I also read the next fifty pages of Medea Benjamin’s Drone Warfare: Killing By Remote Control. When Benjamin discusses the human costs of drone attacks (which include not only deaths and woundings but also the psychological trauma that results from living in a constant state of fear) it’s heart-rending. But then I’m reminded of Richard Wright’s famous comment about Native Son, namely, that he wanted to write something so hard and deep that people would have to read it without “the consolation of tears.” I feel the same way about this section of Drone Warfare: anger, rather than tears, is the more appropriate and useful response. Benjamin then goes on to discuss the legal issues surrounding the use of drones. It’s not difficult to demonstrate that the US is violating international law but doing so is unavoidably based on two rather naïve assumptions: a) that there has ever been a time when the US has NOT violated international law, and b) that anyone will ever hold the US to account. I’m not saying that Benjamin assumes these things; it’s just that any discussion of the legality of US policy can’t help but seem beside the point.

I also watched William Castle’s 1959 horror classic, The House on Haunted HillVincent Price, at his brilliantly campy best, stars as an eccentric millionaire who promises to pay a group of strangers $10,000 each if they spend the night in a haunted house. By the end of the film, we find out that this arrangement was a ploy by Price to draw out his wife and her lover, who were planning to murder Price. The resolution of the murder plot, however, is hardly the focus of the film.
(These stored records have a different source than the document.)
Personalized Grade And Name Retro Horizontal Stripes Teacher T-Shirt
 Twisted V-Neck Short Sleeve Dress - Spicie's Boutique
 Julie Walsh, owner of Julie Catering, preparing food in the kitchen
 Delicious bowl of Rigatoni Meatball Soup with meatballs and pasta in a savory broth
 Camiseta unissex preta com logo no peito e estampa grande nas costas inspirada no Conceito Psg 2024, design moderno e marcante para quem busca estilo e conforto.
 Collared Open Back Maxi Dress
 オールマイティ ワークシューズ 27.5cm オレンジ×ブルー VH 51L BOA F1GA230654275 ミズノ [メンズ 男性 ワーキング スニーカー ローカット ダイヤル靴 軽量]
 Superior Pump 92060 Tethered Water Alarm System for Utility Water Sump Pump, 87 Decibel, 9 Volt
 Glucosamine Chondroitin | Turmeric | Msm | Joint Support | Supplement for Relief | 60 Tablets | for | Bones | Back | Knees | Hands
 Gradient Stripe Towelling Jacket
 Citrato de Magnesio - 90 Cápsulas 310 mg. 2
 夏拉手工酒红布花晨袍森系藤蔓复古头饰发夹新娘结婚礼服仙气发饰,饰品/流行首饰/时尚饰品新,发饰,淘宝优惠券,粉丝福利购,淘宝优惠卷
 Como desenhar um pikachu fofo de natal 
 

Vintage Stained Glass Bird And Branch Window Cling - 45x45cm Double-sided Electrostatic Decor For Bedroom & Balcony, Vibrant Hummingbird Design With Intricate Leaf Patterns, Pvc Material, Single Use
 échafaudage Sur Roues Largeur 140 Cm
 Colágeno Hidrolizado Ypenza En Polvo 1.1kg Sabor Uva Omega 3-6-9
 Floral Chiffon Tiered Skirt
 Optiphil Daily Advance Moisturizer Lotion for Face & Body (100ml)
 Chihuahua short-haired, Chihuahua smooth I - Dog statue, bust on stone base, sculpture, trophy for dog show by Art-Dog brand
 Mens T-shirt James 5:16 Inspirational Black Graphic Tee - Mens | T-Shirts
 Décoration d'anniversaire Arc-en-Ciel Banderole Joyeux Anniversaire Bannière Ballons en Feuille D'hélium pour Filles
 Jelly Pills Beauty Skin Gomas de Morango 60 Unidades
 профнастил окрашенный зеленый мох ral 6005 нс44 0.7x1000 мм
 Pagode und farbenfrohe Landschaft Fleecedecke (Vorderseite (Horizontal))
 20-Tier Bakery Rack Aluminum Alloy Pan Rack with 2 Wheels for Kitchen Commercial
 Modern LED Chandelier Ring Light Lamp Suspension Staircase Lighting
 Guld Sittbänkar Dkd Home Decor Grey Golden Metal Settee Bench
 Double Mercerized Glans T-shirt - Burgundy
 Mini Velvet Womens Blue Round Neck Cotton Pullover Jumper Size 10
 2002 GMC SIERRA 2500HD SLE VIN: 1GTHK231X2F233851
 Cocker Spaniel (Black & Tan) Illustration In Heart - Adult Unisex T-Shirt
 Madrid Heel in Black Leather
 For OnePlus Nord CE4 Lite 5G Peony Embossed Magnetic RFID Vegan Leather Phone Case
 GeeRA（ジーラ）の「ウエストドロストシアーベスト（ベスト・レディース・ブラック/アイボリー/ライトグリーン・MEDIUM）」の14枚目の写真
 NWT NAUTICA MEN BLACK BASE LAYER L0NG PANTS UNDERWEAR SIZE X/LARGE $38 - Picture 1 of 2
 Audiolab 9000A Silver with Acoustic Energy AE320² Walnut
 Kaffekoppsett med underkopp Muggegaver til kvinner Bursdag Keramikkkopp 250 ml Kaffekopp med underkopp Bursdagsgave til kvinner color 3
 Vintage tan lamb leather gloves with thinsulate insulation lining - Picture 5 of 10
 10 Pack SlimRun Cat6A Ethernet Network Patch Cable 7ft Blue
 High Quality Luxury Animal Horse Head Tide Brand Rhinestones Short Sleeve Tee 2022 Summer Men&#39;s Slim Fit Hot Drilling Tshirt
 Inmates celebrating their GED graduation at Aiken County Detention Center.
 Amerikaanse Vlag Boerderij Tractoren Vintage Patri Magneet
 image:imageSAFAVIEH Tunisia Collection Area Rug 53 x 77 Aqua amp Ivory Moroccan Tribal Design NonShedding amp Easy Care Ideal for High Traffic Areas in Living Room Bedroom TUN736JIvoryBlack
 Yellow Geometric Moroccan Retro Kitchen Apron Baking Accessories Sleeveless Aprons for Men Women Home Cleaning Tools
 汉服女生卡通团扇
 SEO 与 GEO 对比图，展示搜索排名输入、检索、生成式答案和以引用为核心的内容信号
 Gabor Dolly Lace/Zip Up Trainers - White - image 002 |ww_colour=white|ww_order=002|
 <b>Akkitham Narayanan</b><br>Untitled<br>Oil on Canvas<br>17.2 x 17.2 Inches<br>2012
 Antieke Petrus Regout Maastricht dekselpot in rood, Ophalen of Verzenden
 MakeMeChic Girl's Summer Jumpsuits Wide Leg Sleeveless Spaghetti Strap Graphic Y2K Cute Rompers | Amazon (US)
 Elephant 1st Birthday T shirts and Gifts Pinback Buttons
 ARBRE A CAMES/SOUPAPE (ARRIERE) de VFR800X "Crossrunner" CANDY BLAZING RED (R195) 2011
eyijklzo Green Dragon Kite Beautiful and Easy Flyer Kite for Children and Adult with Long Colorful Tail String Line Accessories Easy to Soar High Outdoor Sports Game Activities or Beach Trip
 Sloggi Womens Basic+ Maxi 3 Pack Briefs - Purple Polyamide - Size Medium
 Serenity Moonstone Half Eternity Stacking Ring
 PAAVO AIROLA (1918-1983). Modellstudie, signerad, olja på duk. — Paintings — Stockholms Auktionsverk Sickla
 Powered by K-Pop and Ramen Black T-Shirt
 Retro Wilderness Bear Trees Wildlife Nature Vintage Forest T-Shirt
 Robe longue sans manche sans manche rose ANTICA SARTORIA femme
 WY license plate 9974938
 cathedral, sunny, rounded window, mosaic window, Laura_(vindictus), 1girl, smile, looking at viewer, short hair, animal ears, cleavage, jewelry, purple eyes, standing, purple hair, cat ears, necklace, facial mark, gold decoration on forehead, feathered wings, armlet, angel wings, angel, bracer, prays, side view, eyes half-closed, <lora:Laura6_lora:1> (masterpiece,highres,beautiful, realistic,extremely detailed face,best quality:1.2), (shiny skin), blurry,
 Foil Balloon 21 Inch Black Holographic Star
Instead, the film is almost entirely driven by the development and gradual ratcheting up of an atmosphere of paranoid suspense. The sub-par special effects (especially what appears to be a dancing skeleton) don’t help much in this respect, but Price and Elisa Cook, Jr. between them are strong enough to carry the film and its camp aspects turn out to be much effective and memorable than its ability to scare the audience. Supposedly, the enormous success of this film inspired Hitchcock to try his hand at a low-budget horror film, with Psycho being the result. If one compares the two films, however, one will see that they’re completely different, so maybe Castle’s work served only as a negative example to Hitch.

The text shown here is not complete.